Departemen Sosiologi dan Youth Studies Centre (Yousure) Fisipol UGM mengadakan diskusi publik yang membahas tentang isu Sunni-Syiah di Sampang dan sektarianisme di ranah digital yang menjadi diskursus identitas sektarianisme Indonesia pada hari Rabu (23/3/2016) di ruang Seminar Timur Fisipol UGM. Diskusi dibuka dengan sambutan oleh Arie Sujito, ketua Departemen Sosiologi UGM.
Acara ini mengundang dua orang peneliti muda dari UIN Syarif Hidayatullah Jakarta, Hafiz Al Asad dan Fiqh Vredian Aulia Ali dari UIN Maliki Malang. Keduanya merupakan peraih MAARIF Fellowship 2015. Menurut Khelmy K. Pribadi, Manager Program MAARIF Institute, Program ini dihelat oleh Maarif Institute untuk mengkader dan memunculkan peneliti-peneliti muda dari kalangan mahasiswa.
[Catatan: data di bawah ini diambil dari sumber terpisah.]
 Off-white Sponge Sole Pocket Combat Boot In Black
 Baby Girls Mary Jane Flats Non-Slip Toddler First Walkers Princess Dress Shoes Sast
Tahun ini merupakan kali kedua Maarif Fellowship digelar setelah sebelumya diselenggarakan tahun 2013.
“Tujuan diselenggarakannya Maarif Fellowship ini adalah Pertama, melakukan kaderisasi intelektual pada kaum muda Indonesia untuk menjadi intelektual yang kritis, mencerahkan, dan memihak pada kemanusiaan dan keadilan sosial. Kedua, Mewadahi potensi-potensi kreatif anak muda Indonesia untuk turut serta mencari jawaban terhadap berbagai persoalan sosial keagamaan yang terjadi di tanah air. Ketiga, Memperkuat tradisi riset dan penulisan yang berbasiskan pada metode penelitian yang mumpuni serta pembacaan sumber-sumber yang otoritatif dan diskusi yang intensif serta serius.”terang Khelmy.
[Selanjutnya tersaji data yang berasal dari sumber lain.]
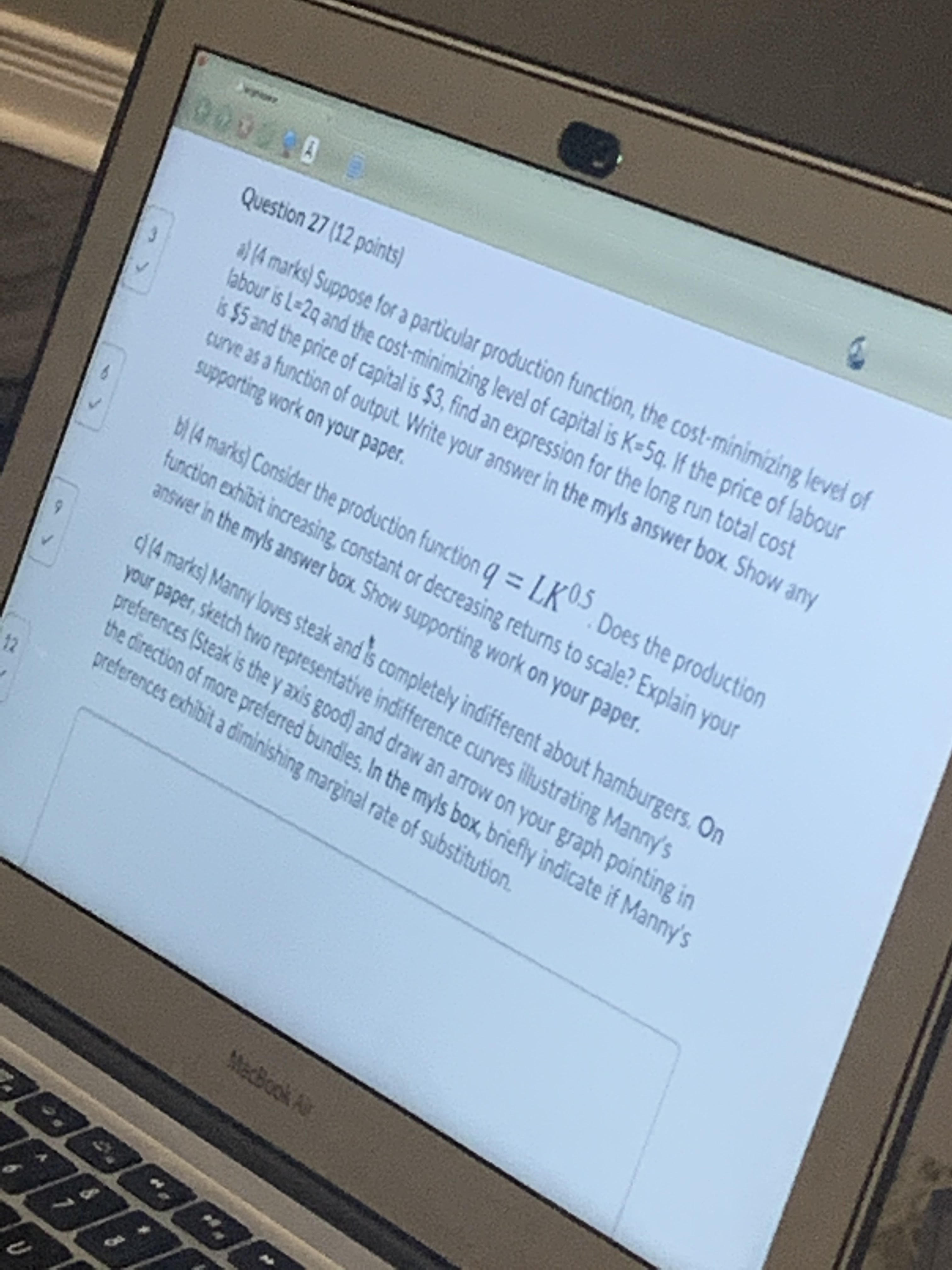 Please answer Question 27 (12 points) al (4 marks) Suppose for a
Pembahas dalam diskusi tersebut dibawakan oleh Hakimul Ikhwan, Ph.D., dosen Jurusan Sosiologi dan Titik Firawati, MA., dosen Jurusan Hubungan Internasional. Pada diskusi tersebut terdapat beberapa hal yang dipaparkan, seperti maraknya media online yang membahas tentang isu sektarian di ranah global dan nasional. Media sosial telah menjadi fenomena dalam dunia modern. Namun, media sosial juga menyuguhkan tantangan berat dalam perkembangan toleransi. Media sosial membuat banyak orang lebih cepat menangkap dan memercayai sebuah pemberitaan. Padahal, pemberitaan yang ada belum tentu memiliki kebenaran. Karena itu, penting untuk memberikan edukasi kepada para pengguna media sosial bahwa pemberitaan yang tersebar atau disebarkan tidak selalu merupakan fakta. Bahkan, acap kali pemberitaan yang beredar di media sosial memicu atau meningkatkan konflik.